-- Description of the task --
Send back the data below exactly. Drop every picture.

-- Collected material --
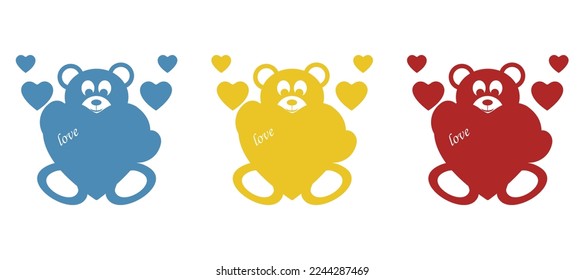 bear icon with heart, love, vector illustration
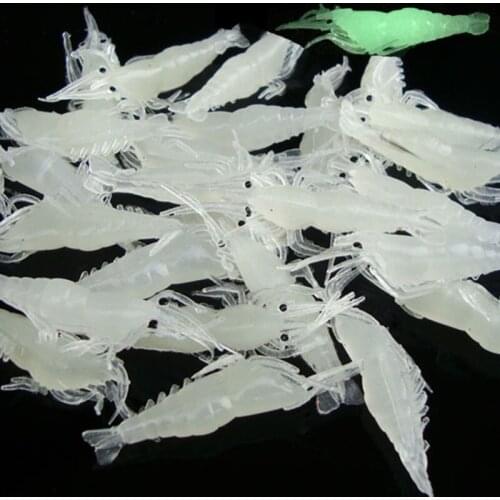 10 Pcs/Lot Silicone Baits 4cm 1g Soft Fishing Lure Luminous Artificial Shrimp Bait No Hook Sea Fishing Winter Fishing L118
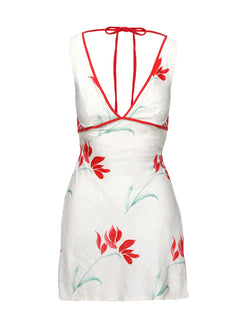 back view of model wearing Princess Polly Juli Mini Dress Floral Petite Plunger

-- Exercise response --
 bear icon with heart, love, vector illustration
 10 Pcs/Lot Silicone Baits 4cm 1g Soft Fishing Lure Luminous Artificial Shrimp Bait No Hook Sea Fishing Winter Fishing L118
 back view of model wearing Princess Polly Juli Mini Dress Floral Petite Plunger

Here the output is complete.